───── PROVIDED MATERIAL ─────
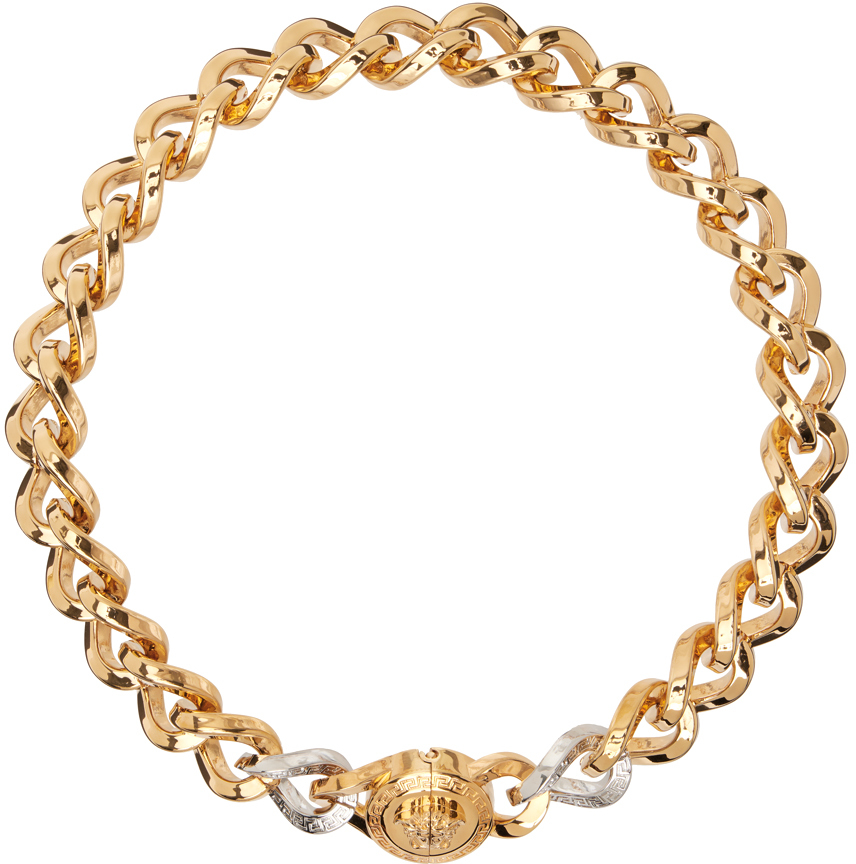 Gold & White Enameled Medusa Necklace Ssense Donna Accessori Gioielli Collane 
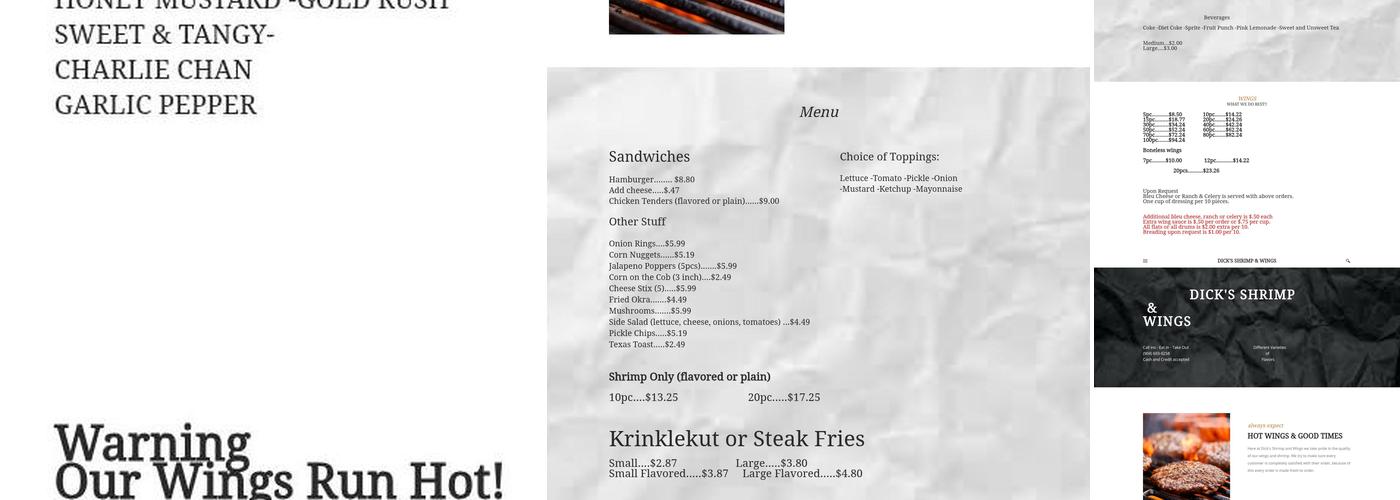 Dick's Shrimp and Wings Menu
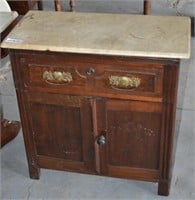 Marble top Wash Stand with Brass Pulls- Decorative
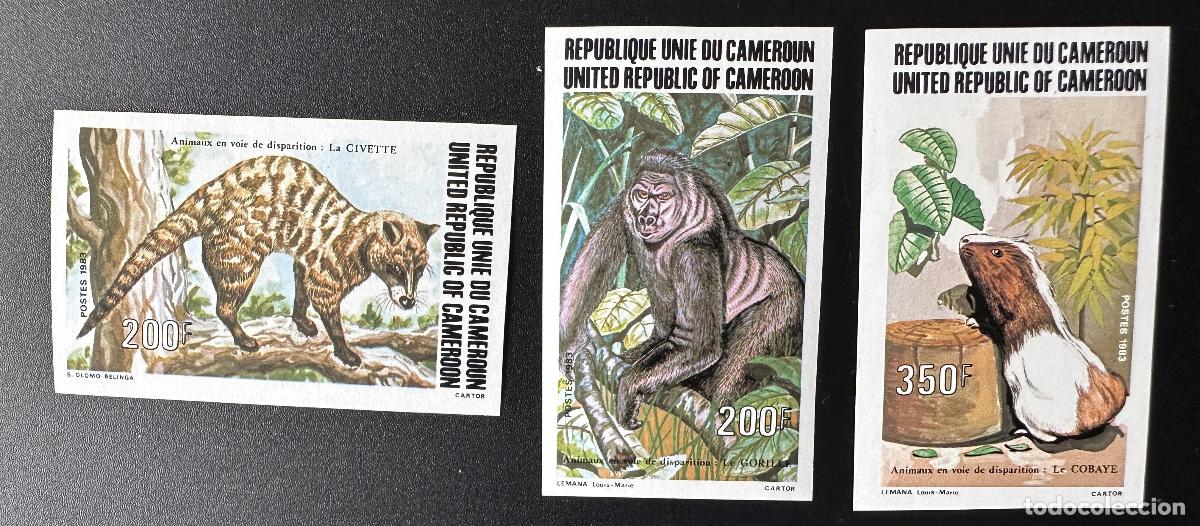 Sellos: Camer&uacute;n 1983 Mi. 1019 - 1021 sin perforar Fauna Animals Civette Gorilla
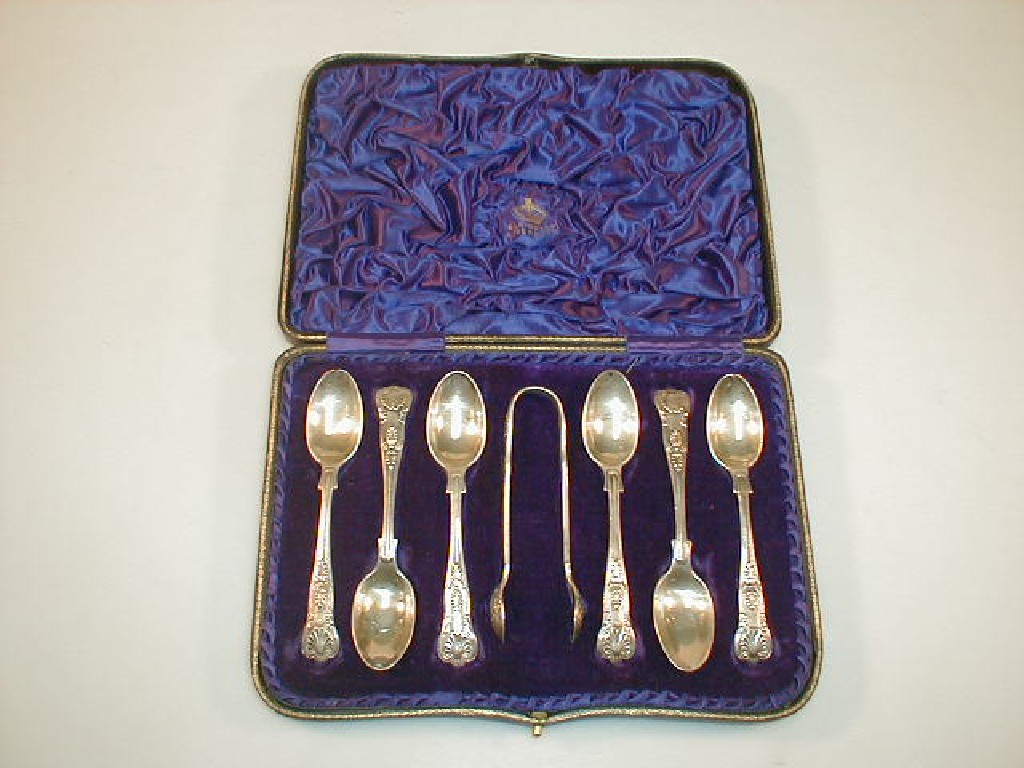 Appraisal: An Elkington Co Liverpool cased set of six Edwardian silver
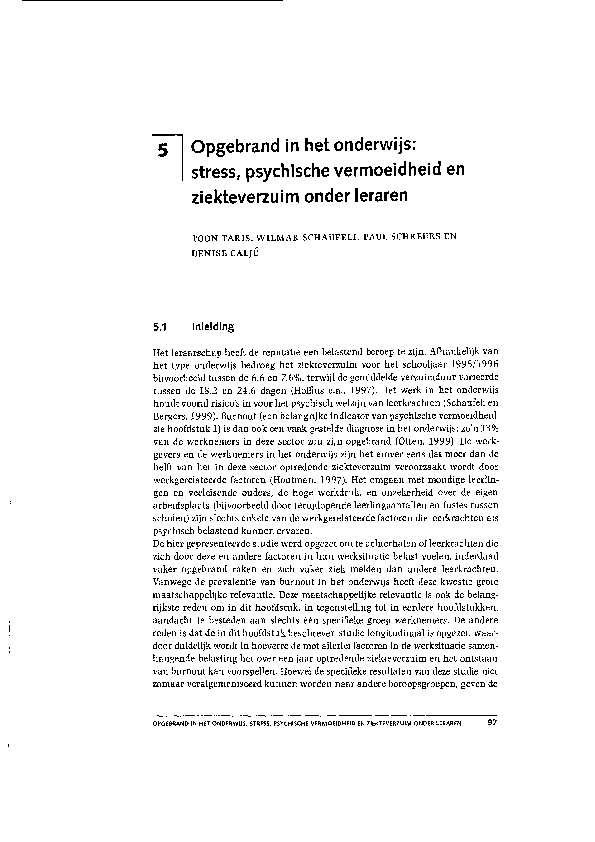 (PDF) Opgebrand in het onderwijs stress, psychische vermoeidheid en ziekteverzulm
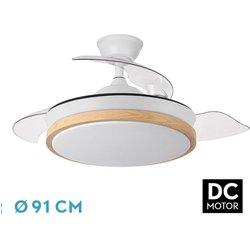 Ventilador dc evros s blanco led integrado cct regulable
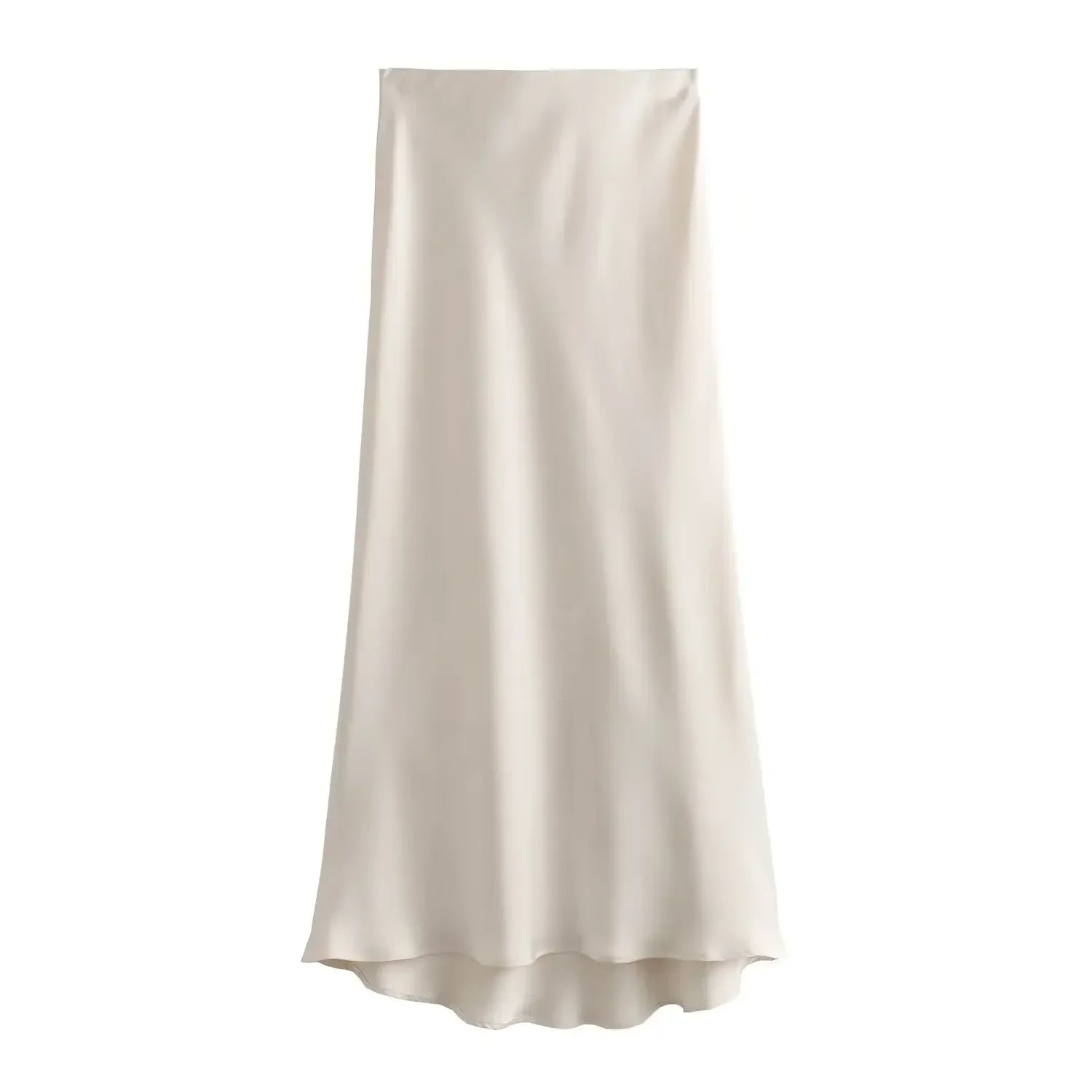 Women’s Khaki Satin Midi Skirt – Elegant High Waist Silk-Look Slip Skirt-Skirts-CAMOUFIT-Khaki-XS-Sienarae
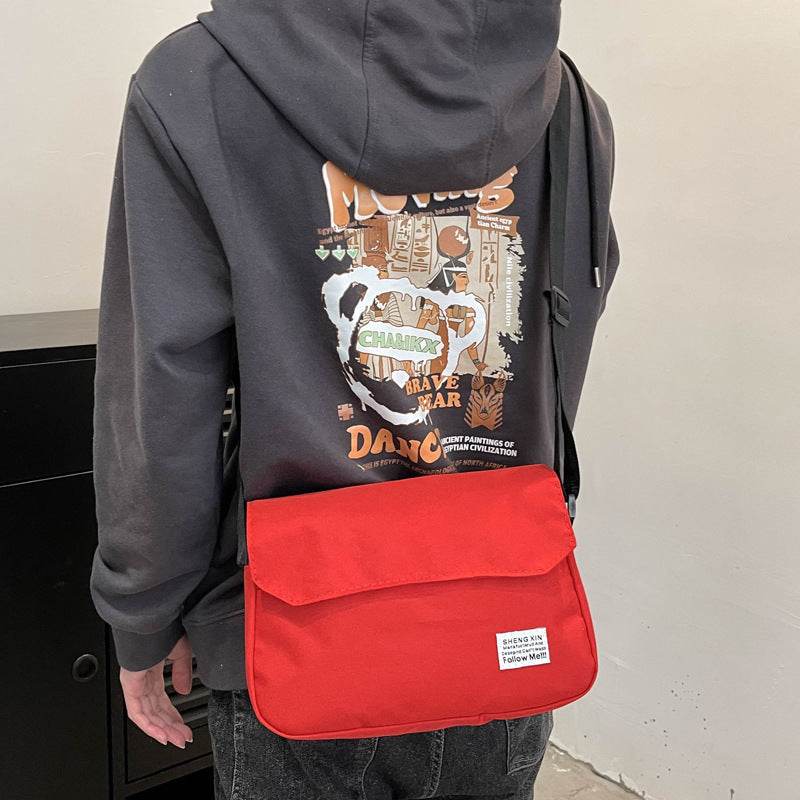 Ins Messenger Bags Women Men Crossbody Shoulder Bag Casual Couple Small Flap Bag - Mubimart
─────
All entries are to be duplicated exactly, with the pictures left out.

**RESPONSE:**
 Gold & White Enameled Medusa Necklace Ssense Donna Accessori Gioielli Collane 
 Dick's Shrimp and Wings Menu
 Marble top Wash Stand with Brass Pulls- Decorative
 Sellos: Camer&uacute;n 1983 Mi. 1019 - 1021 sin perforar Fauna Animals Civette Gorilla
 Appraisal: An Elkington Co Liverpool cased set of six Edwardian silver
 (PDF) Opgebrand in het onderwijs stress, psychische vermoeidheid en ziekteverzulm
 Ventilador dc evros s blanco led integrado cct regulable
 Women’s Khaki Satin Midi Skirt – Elegant High Waist Silk-Look Slip Skirt-Skirts-CAMOUFIT-Khaki-XS-Sienarae
 Ins Messenger Bags Women Men Crossbody Shoulder Bag Casual Couple Small Flap Bag - Mubimart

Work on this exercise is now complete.